Donald Trump è riuscito – a una prima analisi superficiale – a trasformare una scelta giusta in un gigantesco errore. La scelta giusta era ed è di riconoscere che la capitale di Israele (da 2.600 anni, si potrebbe dire) è Gerusalemme e d’altronde nel lontano 1995 il Congresso americano votò appunto il “Jerusalem Embassy Act” che ribadisce questa indiscutibile realtà. Ma il gigantesco errore – sempre a una prima analisi – è quello di concretizzare oggi quella scelta giusta.

La prima ragione è che non si capisce il vantaggio che oggi ne ricavino gli Stati Uniti e la stessa Israele, a meno che non si guardi (e non è una scelta maliziosa) ai sondaggi di gradimento di Trump e dei repubblicani presso l’ampissima fascia degli elettori radicali delle varie chiese protestanti americane che sicuramente apprezzano questa mossa.

La seconda ragione che sconsiglia questa mossa è l’imbarazzo – di più, la paralisi – che essa provoca nei non pochi paesi arabi che stanno costruendo con Israele una alleanza di ferro in funzione anti iraniana (Arabia Saudita e paesi del Golfo – escluso il Qatar – Egitto, Giordania e Marocco) che si preparavano a proporre un nuovo piano di pace alla parte palestinese.

In particolare questa mossa paralizza proprio il più recente e convinto alleato di Israele Mohammed bin Salman, che si è spinto a riconoscere apertamente “il pieno diritto all’esistenza dello Stato di Israele”, come mai, assolutamente mai nessun regnante saudita aveva mai fatto, che si apprestava ad imporre ad Abu Mazen una piattaforma di accordo con Netanyahu dalla quale erano stati tolti i punti più scabrosi, come il “diritto al ritorno” in Israele dei milioni di eredi dei profughi dal 1048 al 1967.

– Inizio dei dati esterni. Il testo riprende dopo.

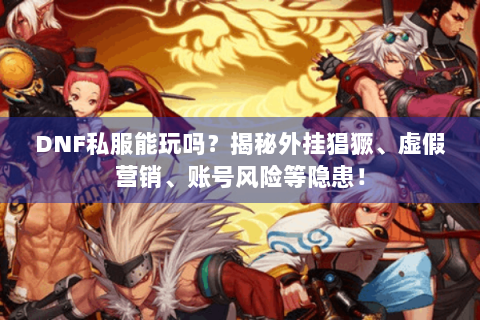 DNF私服能玩吗？揭秘外挂猖獗、虚假营销、账号风险等隐患！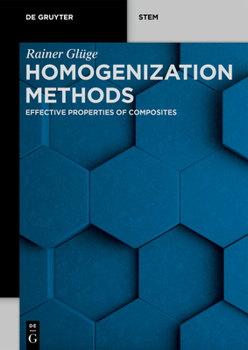 Paperback Homogenization Methods: Effective Properties of Composites Book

La terza ragione è che questa mossa dà fiato a quella destra israeliana che pretende che Gerusalemme non sia solo la capitale di Israele, ma “solo” la capitale di Israele, escludendo quindi che Gerusalemme Est, che pure formalmente e sostanzialmente è ancora un “Territorio sotto occupazione straniera” diventi mai la capitale di una Stato Palestinese. Infine, ma non per ultimo, questa mossa elimina, mina alle radici, qualsiasi possibilità che gli Usa svolgano d’ora in poi quel ruolo di mediazione che sempre tutti i presidenti americani hanno svolto (ad eccezione di Barack Obama, che ha tentato, ma si è ingarbugliato nelle sue stesse fumosità).

Se però si guardano tutte queste controindicazioni come un unicum compatto, ci si accorge facilmente che in realtà l’errore non è tale, ma è semplicemente un capovolgimento totale di strategia. Donald Trump ha ricercato volutamente di concretizzare tutte queste controindicazioni per una ragione semplice: esse sono tali, sono errori, solo e unicamente nella prospettiva di una trattativa nel solco della tradizione di “Due popoli, due Stati”.

Ma con evidenza, Trump l’ha abbandonata, la ritiene fallita e improponibile e si sposa con l’estremismo del Likud e dell’ala destra dei coloni israeliani nella certezza – non infondata – che il popolo palestinese non riuscirà neanche a unificare se stesso – diviso come è nella componente filo Abu Mazen e in quella di Hamas, l’una contro l’altra armate – e men che meno accetterà mai un compromesso con uno Stato degli Ebrei del quale nega la legittimità anche per profonde motivazioni religiose e coraniche.
Dunque, la nuova ambasciata americana a Gerusalemme è l’inizio di un percorso accidentato verso la prospettiva di “Due Popoli in uno Stato, più due mini governatorati palestinesi instabili”. Questa è la realtà di oggi, conseguenza, va detto, delle scelte demenziali, dal Gran Muftì, sino ad Abu Mazen ed Hamas, passando per Yasser Arafat, della più incapace dirigenza irredentista della storia mondiale, quella palestinese.

Detto questo, ben si comprende perché non abbiamo accennato nel nostro schema di analisi alla pur impressionante strage di 55 palestinesi ai confini di Gaza di questi giorni. Una nostra scelta voluta che deriva da una valutazione obiettiva: solo la follia omicida di Hamas può gettare migliaia di palestinesi nel progetto demenziale e inutile di “invadere” Israele, solo la ferocia della destra israeliana, incarnata dal ministro della Difesa “sovietico” Avigdor Liebermann, può rispondere a questa follia assassina di Hamas non con mezzi di contenimento non letali (idranti, pallottole di gomma, lacrimogeni), ma a suon di sventagliate di mitra. Appunto, l’immagine plastica della incomponibilità, da qui alla fine degli anni, del conflitto israelo-palestinese.